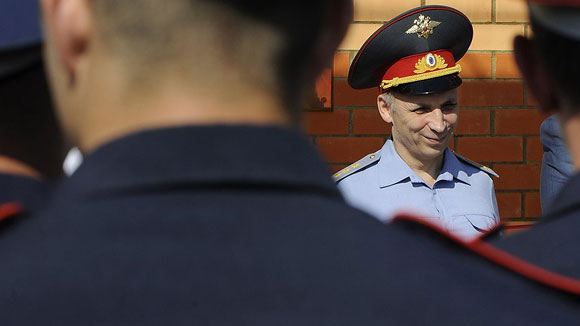 Путин принял отставку главы подмосковной полиции Путин принял отставку главы подмосковной полиции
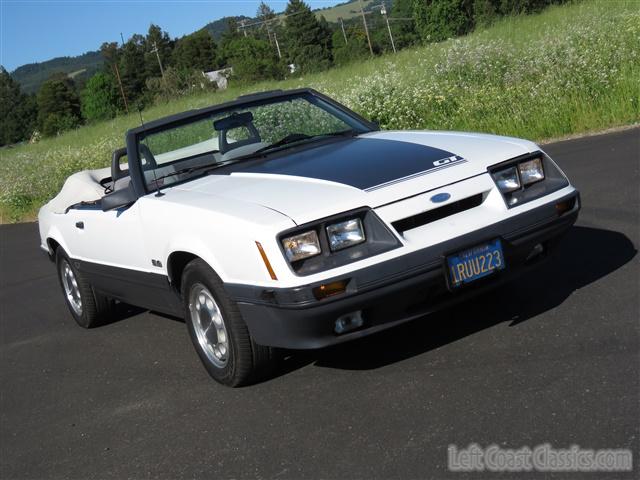 1986-ford-mustang-gt-convertible-056.jpg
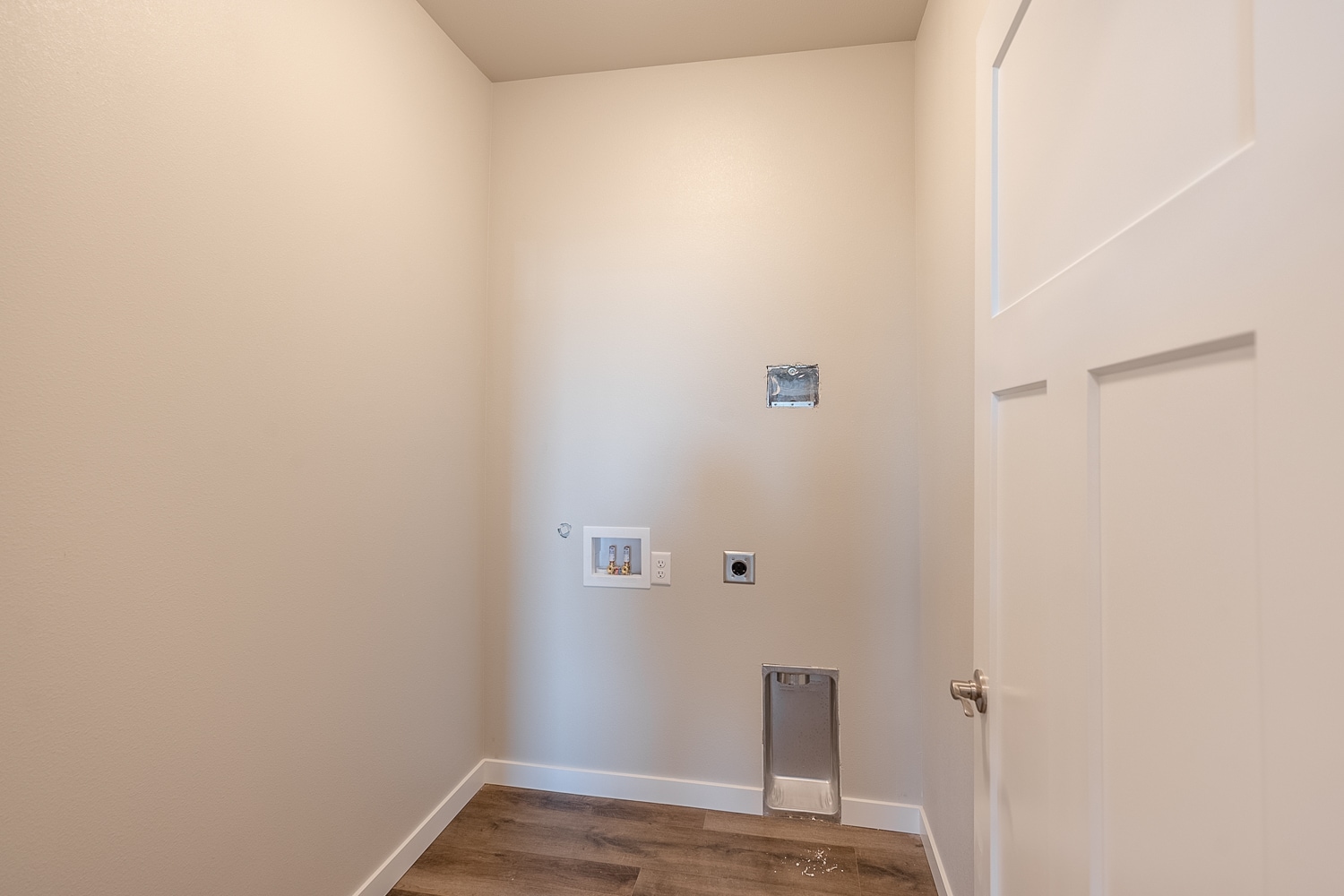 Building Photo - 4075 Quinn Dr NE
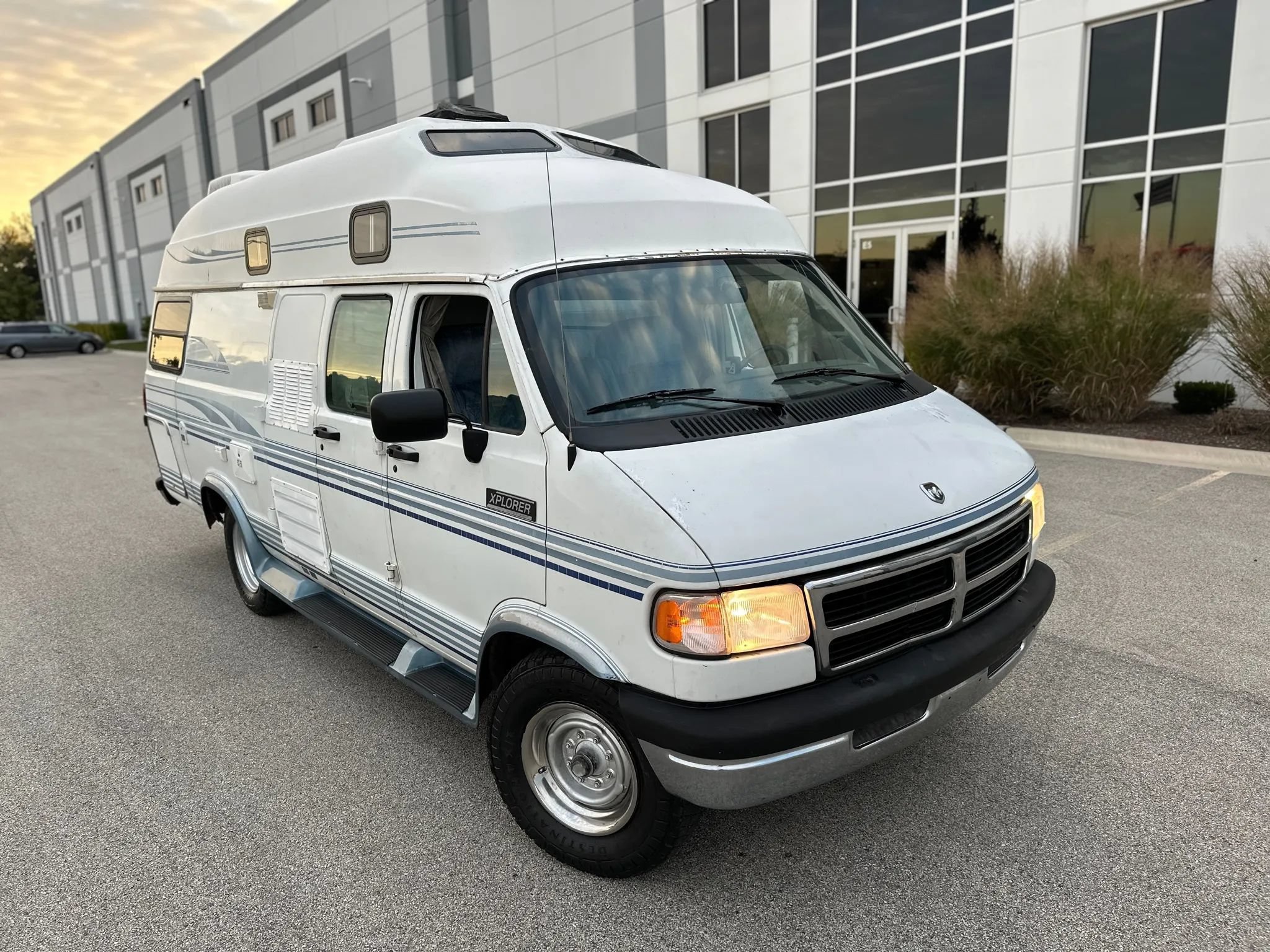 Used 1997 Dodge B3500 RWD image 15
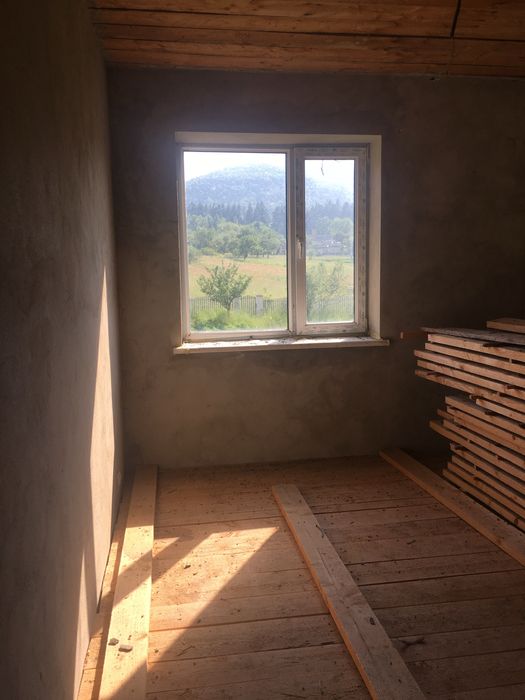 Продаж будинку с. Лоєва Надвірнянський р-н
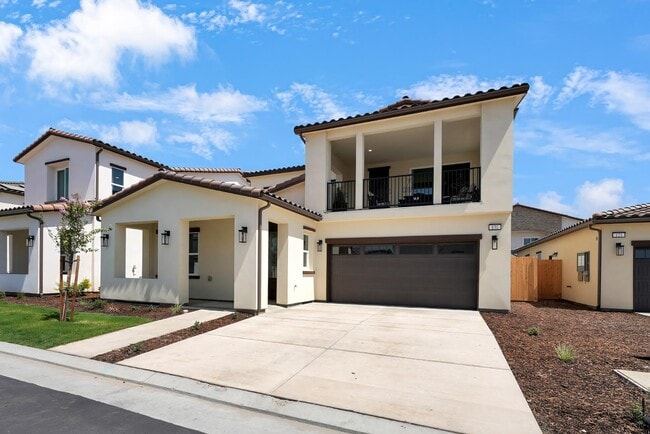 Photo - 168 N Falcon Ave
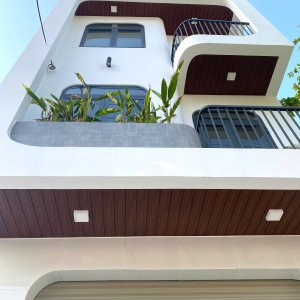 Bán nhà đẹp 4 tầng có 7 căn hộ mặt tiền Nguyễn Tất Thành giá rẻ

--- --- ---

#### EXERCISE GOAL
Write out the material above once more, exactly as it reads, with no pictures.

#### RESPONSE
 Путин принял отставку главы подмосковной полиции Путин принял отставку главы подмосковной полиции
 1986-ford-mustang-gt-convertible-056.jpg
 Building Photo - 4075 Quinn Dr NE
 Used 1997 Dodge B3500 RWD image 15
 Продаж будинку с. Лоєва Надвірнянський р-н
 Photo - 168 N Falcon Ave
 Bán nhà đẹp 4 tầng có 7 căn hộ mặt tiền Nguyễn Tất Thành giá rẻ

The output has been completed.